(Description of the task):
Among the entries below, one line contains "QueenSchelo's tweet photo." and another contains "Konventionelle Drehmaschine für". Transcribe those two lines and every line between them, exactly.

(Record excerpts):
§ §

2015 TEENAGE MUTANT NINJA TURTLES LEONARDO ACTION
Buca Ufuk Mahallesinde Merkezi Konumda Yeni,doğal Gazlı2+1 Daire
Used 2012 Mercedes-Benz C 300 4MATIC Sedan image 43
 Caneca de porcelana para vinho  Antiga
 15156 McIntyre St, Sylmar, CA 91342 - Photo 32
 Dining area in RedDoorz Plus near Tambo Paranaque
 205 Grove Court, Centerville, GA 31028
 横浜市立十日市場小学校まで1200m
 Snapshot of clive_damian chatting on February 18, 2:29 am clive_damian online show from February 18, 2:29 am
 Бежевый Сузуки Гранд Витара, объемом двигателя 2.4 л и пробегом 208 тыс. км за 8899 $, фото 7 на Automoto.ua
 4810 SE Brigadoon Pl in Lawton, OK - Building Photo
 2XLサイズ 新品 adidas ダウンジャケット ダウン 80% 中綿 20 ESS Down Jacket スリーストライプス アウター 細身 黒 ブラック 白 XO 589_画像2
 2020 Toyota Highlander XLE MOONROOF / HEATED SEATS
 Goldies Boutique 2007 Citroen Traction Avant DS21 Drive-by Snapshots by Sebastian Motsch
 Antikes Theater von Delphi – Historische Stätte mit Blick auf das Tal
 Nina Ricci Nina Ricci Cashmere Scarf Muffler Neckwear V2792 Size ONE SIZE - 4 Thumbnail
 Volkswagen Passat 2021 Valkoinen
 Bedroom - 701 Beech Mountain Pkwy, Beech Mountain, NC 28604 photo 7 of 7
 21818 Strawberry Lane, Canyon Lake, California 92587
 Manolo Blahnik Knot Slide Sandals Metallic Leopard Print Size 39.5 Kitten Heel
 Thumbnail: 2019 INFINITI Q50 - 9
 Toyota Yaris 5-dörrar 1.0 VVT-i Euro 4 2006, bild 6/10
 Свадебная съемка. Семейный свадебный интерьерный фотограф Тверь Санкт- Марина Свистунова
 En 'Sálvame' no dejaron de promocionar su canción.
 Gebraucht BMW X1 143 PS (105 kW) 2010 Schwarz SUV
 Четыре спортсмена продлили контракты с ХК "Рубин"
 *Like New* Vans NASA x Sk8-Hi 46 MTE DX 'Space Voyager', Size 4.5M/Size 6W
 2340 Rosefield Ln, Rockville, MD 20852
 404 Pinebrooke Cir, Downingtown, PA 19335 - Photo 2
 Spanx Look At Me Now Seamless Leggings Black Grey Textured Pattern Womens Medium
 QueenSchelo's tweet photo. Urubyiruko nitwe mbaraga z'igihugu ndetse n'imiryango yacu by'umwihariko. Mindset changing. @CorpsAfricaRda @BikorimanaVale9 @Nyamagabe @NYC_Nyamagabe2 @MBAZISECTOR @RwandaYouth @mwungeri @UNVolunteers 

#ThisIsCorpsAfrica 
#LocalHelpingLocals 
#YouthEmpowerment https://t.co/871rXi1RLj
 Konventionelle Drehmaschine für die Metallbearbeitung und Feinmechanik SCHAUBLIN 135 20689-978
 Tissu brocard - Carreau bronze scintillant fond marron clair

§ §

(Answer area):
 QueenSchelo's tweet photo. Urubyiruko nitwe mbaraga z'igihugu ndetse n'imiryango yacu by'umwihariko. Mindset changing. @CorpsAfricaRda @BikorimanaVale9 @Nyamagabe @NYC_Nyamagabe2 @MBAZISECTOR @RwandaYouth @mwungeri @UNVolunteers 

#ThisIsCorpsAfrica 
#LocalHelpingLocals 
#YouthEmpowerment https://t.co/871rXi1RLj
 Konventionelle Drehmaschine für die Metallbearbeitung und Feinmechanik SCHAUBLIN 135 20689-978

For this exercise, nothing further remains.